Nesta caminhada tenho conseguido dar as mãos a algumas mães que também atravessam seus desertos de sequidão. Desertos do vale da morte.  Há uns meses, uns três, quatro, eu não admitia falar morte, ou filho morto,  ou morreu. Eu usava tantos sinônimos para me referir a sua ausência, menos a morte.

Eu não me permitia pensar na morte, eu pensava na perda, eu pensava que isso nunca seria reparado, mas em morte, não. Doía fundo. Falar da morte então. Nunca, e digo NUNCA dei detalhes a ninguém sobre a morte de meu pai. Fui a unica a ve-lo saindo do mar ainda de pé, olhando para o infinito. Eu tentava me encontrar no olhar dele que ja nao tinha foco. As duas contas verdes dos olhos dele se misturavam no horizonte perdido da morte que se instalava.

A primeira vez que pensei friamente na morte de Rafael, meu estomago embrulhou. Meados de outubro para Novembro de 2011, vendo o processo com as fotos de Rafael e o laudo técnico. Era diferente do óbito, não era um pedaço de papel, meu filho ali estendido era o retrato, a concepção da morte, até então tão abstrata, embora a consequência dela tão real em minha vida.

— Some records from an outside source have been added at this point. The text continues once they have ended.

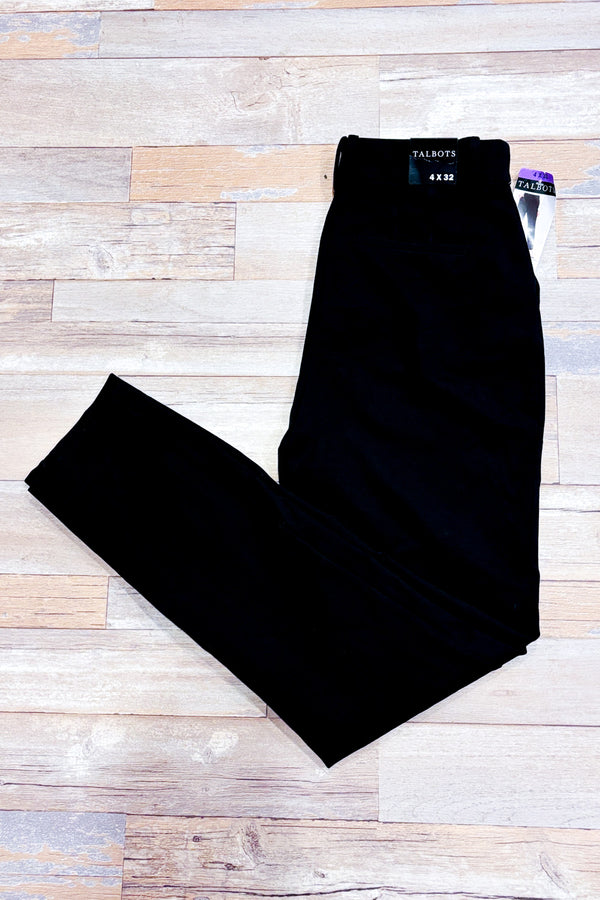 Pantalon noir jambe étroite* seconde main - Talbots- La Penderie du Paradis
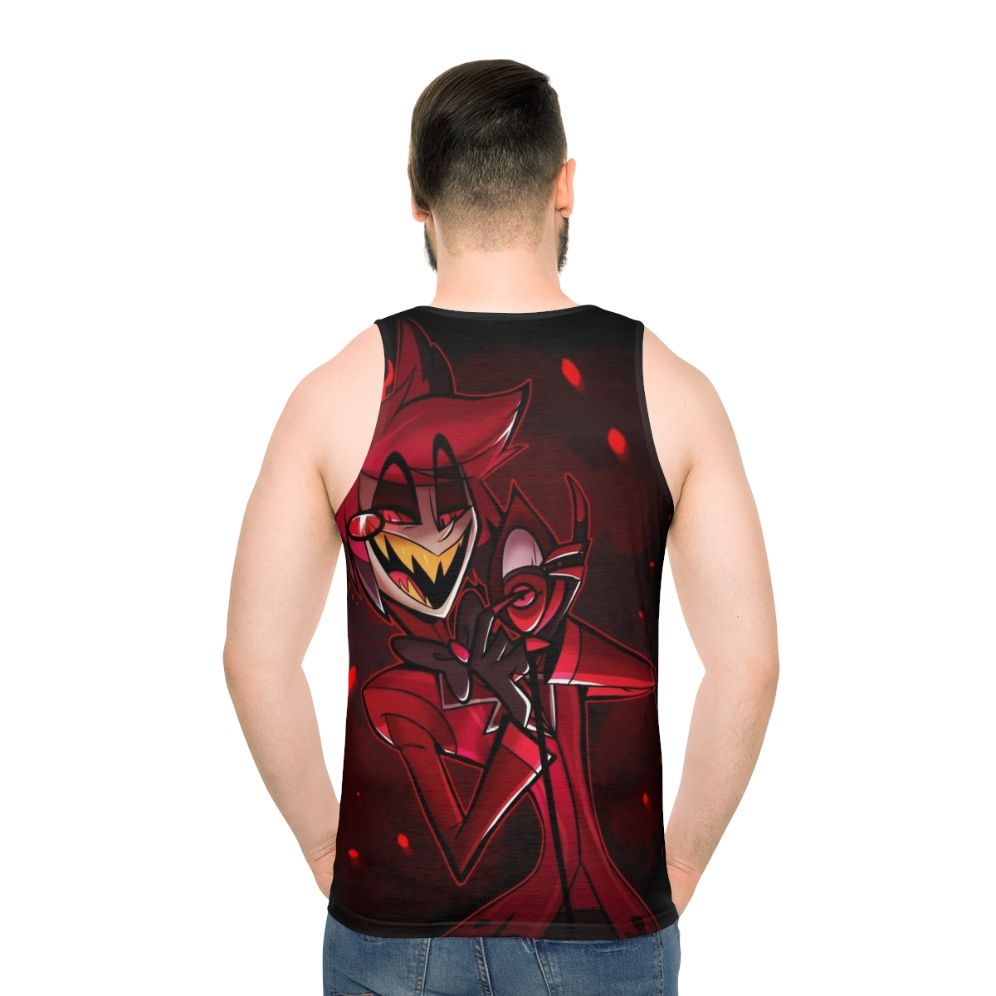 Hazbin Hotel Alastor Unisex Tank Top - men back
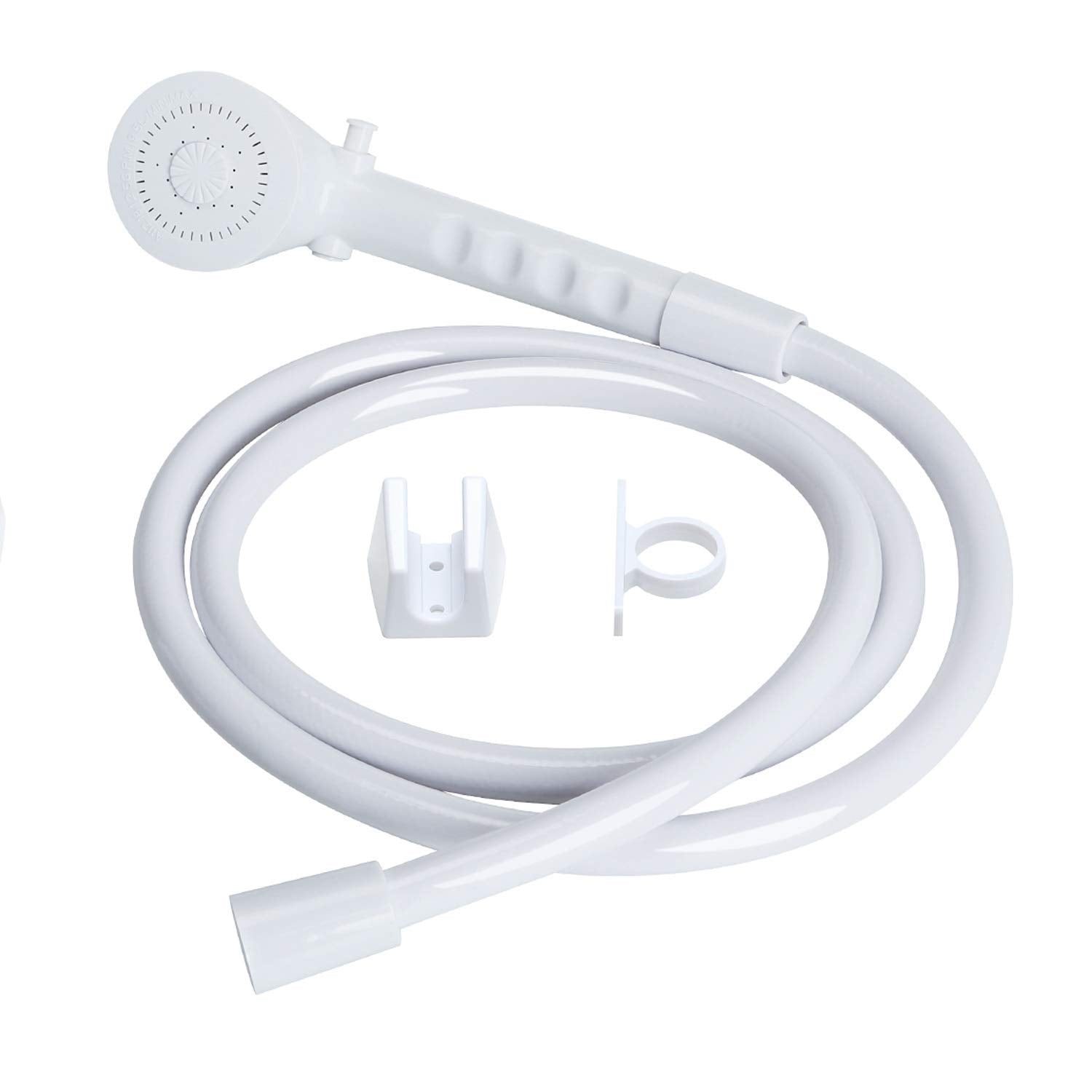 OYMOV RV shower head with pause function for water-efficient outdoor showers.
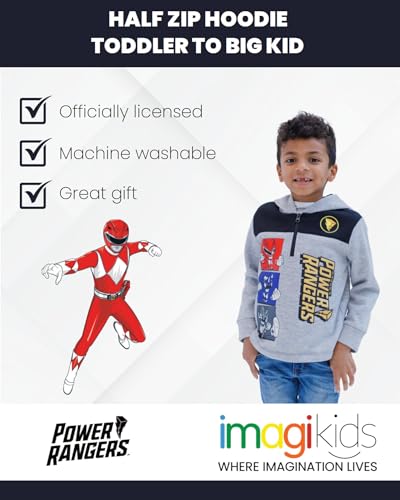Power Rangers Fleece Half Zip Pullover Hoodie Toddler to Big Kid3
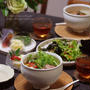 【献立】トマト担々麺と、チョレギサラダと、フルーツなど。～やっぱりラーメンはできたて熱々をズルズルっといきたいねえ～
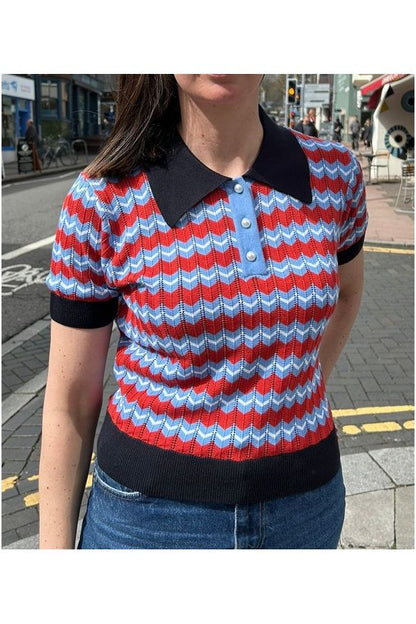 Supreme Fine Gauge Sky - Polo Knit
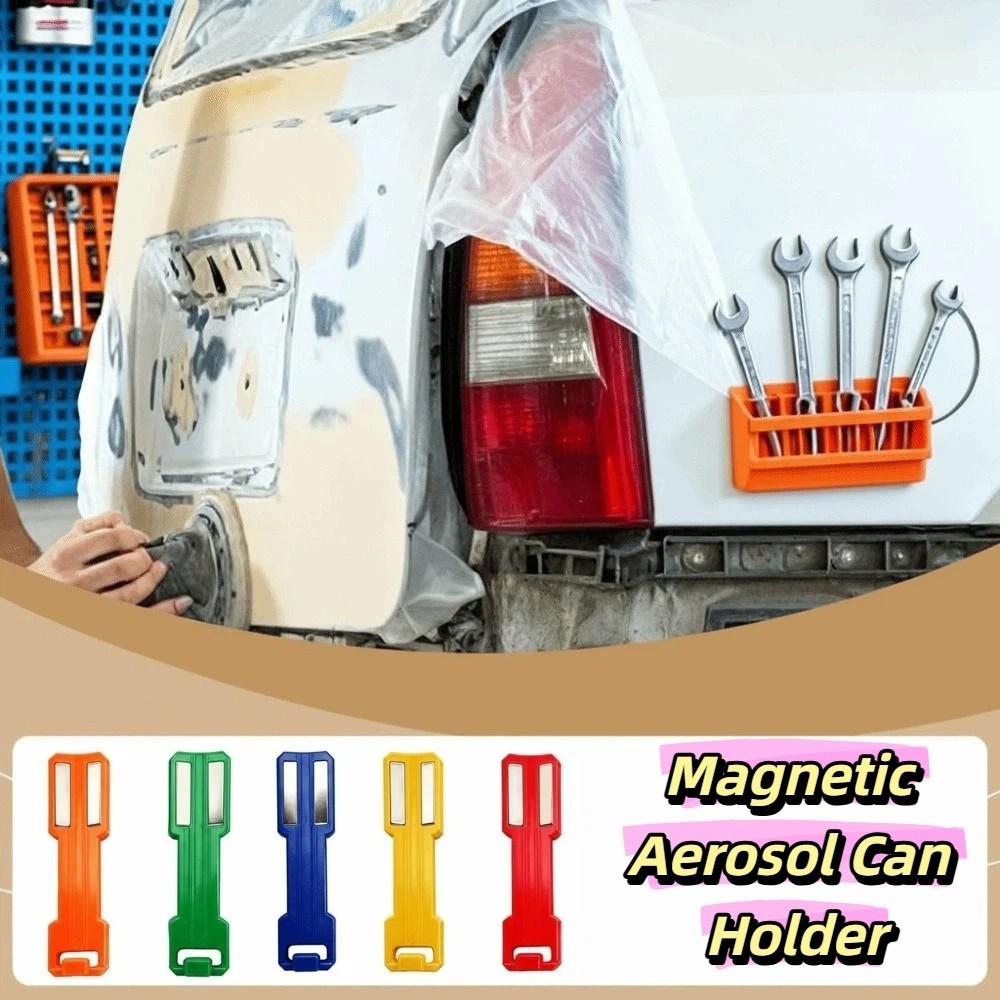 6 Colors Magnetic Can Organizer Magnetic Magnetic Spray Can Holder Kitchen Storage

Hoje ao conversar com algumas mães, quando falamos, hora do óbito, causa do óbito, circunstancias do óbito. Ou meu filho morreu, quando meu filho morreu, depois que meu filho morreu. Eu pronuncio essas coisas e não é natural, é como se arrancassem de meu estomago cada letra pra formar essa palavra. Não é entendível dizer que estão mortos se vivem desse jeito dentro da gente.  Quando as pessoas dizem que tem a sensação de que eles vão voltar , vão abrir a porta a qualquer momento, etc.  Eu digo sempre que não tive a sensação, mas tenho o desejo de que isso aconteça todos os dias, era como se eu desejasse um antídoto para que as letras que formam a palavra morte não pudessem ser pronunciadas.


E nestes meus devaneios, eu sempre penso, na morte mas do que o que eu desejaria, e assim pensar na morte se mistura em pensar na vida, na vida que Rafa deixou para trás, e na minha que não segue em frente.